A local story from Ohio points out that all the people in the hospital with COVID are unvaccinated. Of course they are.
Vaccine effectiveness is showing up in real-world numbers as local hospitals calculate how many COVID-19 patients have been vaccinated.
“When you look at our hospitals right now, there are about 150 people with COVID in those hospitals. None of them have had the vaccine,” said Hamilton County health commissioner Greg Kesterman.
The exact breakdown of numbers shows in Southwest Ohio there are 142 hospitalized with COVID-19, 36 are in the ICU, 28 are on ventilators. Zero have been vaccinated.
At St. Elizabeth in Northern Kentucky, there are 28 COVID patients, 7 are in the ICU. Zero have been vaccinated.
“This is what we expected to see. This is what the data showed. This is why the science is leading us in this direction,” said UC College of Medicine Dr. Carl Fichtenbaum. “It should be a wakeup call to people who said, ‘I’m not sure about this vaccine.’”
Fichtenbaum led the Moderna studies at the UC College of Medicine.
Proof of performance is showing up in another vaccine statistic locally.

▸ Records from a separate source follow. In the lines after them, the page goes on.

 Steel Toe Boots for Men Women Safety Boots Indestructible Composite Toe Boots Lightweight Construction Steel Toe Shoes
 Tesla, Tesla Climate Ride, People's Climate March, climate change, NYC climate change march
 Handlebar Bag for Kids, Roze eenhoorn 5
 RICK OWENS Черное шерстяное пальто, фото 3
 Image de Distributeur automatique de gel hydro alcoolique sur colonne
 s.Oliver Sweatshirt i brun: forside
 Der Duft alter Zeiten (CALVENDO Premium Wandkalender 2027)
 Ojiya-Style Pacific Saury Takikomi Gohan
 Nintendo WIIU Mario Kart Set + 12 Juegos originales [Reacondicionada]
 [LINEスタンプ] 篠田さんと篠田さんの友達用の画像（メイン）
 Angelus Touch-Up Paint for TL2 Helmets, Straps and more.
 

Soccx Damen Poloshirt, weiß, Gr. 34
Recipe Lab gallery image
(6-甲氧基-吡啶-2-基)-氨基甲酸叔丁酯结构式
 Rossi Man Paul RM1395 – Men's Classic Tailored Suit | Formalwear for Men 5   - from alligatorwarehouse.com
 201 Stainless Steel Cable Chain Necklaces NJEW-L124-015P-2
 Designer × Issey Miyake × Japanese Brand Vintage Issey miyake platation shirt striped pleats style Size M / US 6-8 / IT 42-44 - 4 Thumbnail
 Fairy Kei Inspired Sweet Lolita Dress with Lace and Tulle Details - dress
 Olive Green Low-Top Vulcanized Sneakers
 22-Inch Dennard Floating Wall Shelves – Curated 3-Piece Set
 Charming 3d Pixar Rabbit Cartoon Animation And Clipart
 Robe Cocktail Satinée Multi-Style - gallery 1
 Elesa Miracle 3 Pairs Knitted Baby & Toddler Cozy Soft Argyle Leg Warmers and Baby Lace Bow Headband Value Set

“We knew that our older population is most vulnerable to COVID, and yet right now, those 80 plus have the lowest rate of hospitalization,” said Health Collaborative vaccine specialist Kate Schroder. “It’s next to nothing because we have really high rates of vaccination among the older population.”
Vaccines are available everywhere. They work. To the extent that there are people who are having trouble getting to the vaccine sites, there should be much more outreach. We should keep trying to persuade people to get the shot. But it’s not going to be too long before we have to say that people who get COVID brought it on themselves.
The good news is that the vaccines are effective against all the variants that have been thrown at them. We don’t know if that will hold, but so far so good.